**YOUR INSTRUCTIONS:** Without any pictures, print the lines below from the one that has "Michael Kors Michael" through the one that has "A TC Bros. Belt", exactly and nothing else.

**DATA SECTION:**
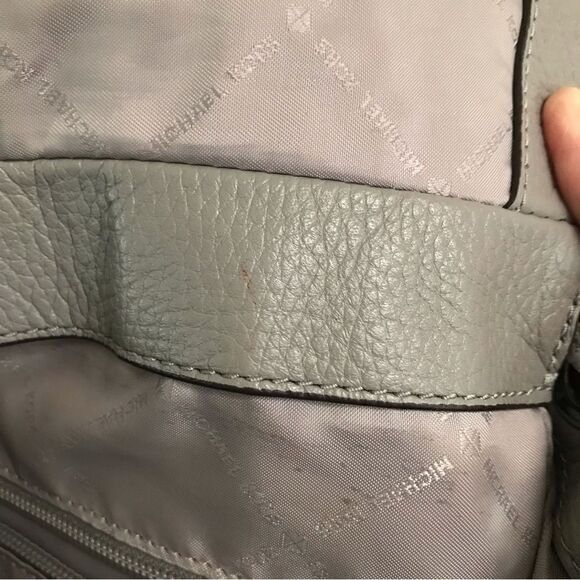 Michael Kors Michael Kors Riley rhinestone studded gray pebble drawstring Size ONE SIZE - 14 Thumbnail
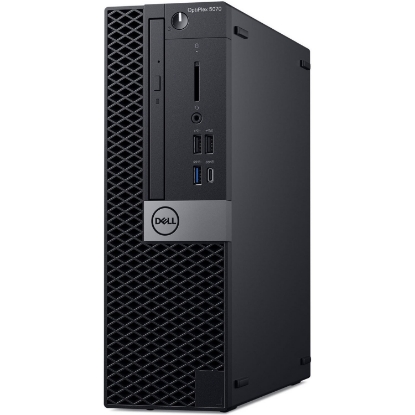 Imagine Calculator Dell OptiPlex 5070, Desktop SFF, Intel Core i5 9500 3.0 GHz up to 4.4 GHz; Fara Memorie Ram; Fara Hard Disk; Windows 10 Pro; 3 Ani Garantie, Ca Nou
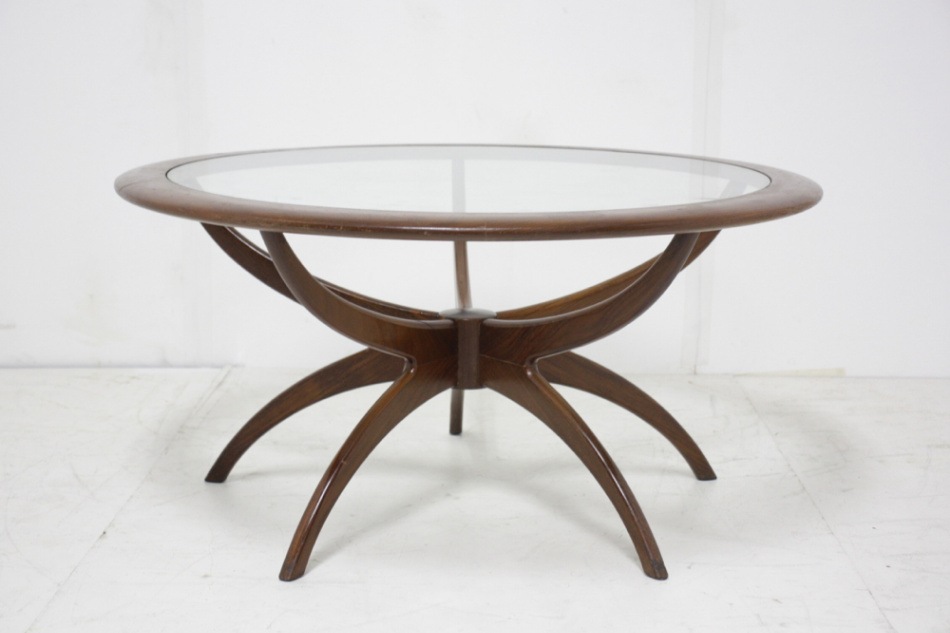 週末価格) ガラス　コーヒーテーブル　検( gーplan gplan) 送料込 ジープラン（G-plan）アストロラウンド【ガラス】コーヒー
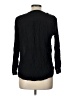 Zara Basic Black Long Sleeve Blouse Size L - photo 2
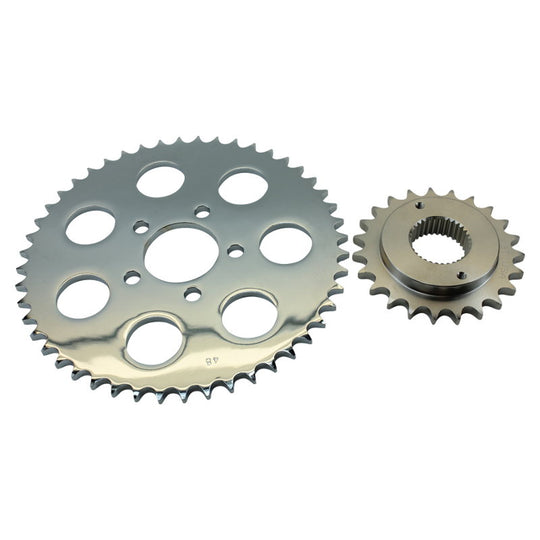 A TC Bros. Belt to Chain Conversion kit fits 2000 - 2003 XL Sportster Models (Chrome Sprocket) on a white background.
...
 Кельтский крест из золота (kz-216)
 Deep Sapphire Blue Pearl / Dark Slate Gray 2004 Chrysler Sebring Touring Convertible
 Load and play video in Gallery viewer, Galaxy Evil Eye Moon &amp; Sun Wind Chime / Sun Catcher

**ANSWER TO THE PROBLEM:**
 Michael Kors Michael Kors Riley rhinestone studded gray pebble drawstring Size ONE SIZE - 14 Thumbnail
 Imagine Calculator Dell OptiPlex 5070, Desktop SFF, Intel Core i5 9500 3.0 GHz up to 4.4 GHz; Fara Memorie Ram; Fara Hard Disk; Windows 10 Pro; 3 Ani Garantie, Ca Nou
 週末価格) ガラス　コーヒーテーブル　検( gーplan gplan) 送料込 ジープラン（G-plan）アストロラウンド【ガラス】コーヒー
 Zara Basic Black Long Sleeve Blouse Size L - photo 2
 A TC Bros. Belt to Chain Conversion kit fits 2000 - 2003 XL Sportster Models (Chrome Sprocket) on a white background.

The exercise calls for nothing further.